Harpoon Brewery (yes, the Boston beer folks) has a really solid regular cider—dry, light, a little tart. Not very sweet at all. Unsurprisingly, their pumpkin cider is lovely. Yes, the pumpkin is very subtle, and yes, it still tastes more apple-pie-ish than anything else. But they manage to retain some of the tartness of the standard Harpoon cider. This is no small feat for something that tastes like baked goods.
California’s Ace Cider has been a relatively recent addition to East Coast cider selections. Their Joker cider is probably my favorite relatively cheap cider out there by virtue of how tart and dry it is. I was a little surprised when their pumpkin cider ended up being sweeter, but I’ll be honest—I think it works well.

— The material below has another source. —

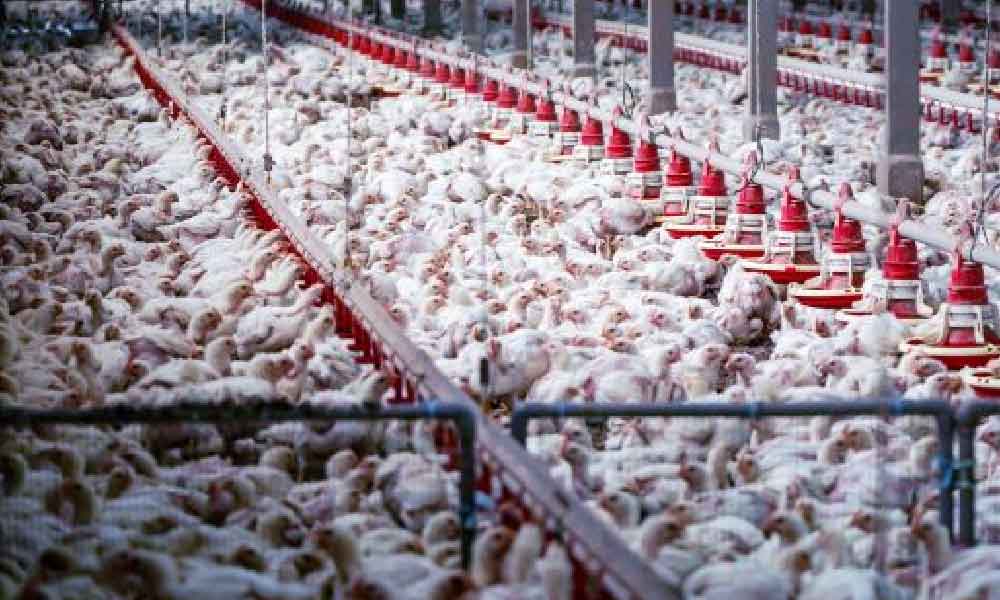 Kartel ayam gagal tangguh bayar denda RM70 juta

The Ace Pumpkin is probably the first pumpkin cider where I’ve been able to say, “mmm, pumpkin!” This might be more of a statement about my unsophisticated palate. But for an identifiably pumpkin-flavored cider? This is probably your best bet. It’s not as dry as the Harpoon (a close second), but it’s got probably my favorite flavor profile.
I’m looking forward to seeing more bizarre cider varieties in my local beer store. New York isn’t close to California’s level of cider paradise yet, but things are slowly making their way over here. This past summer I discovered hopped ciders. Hopped! It’s a brave new world out there for the glutards like me.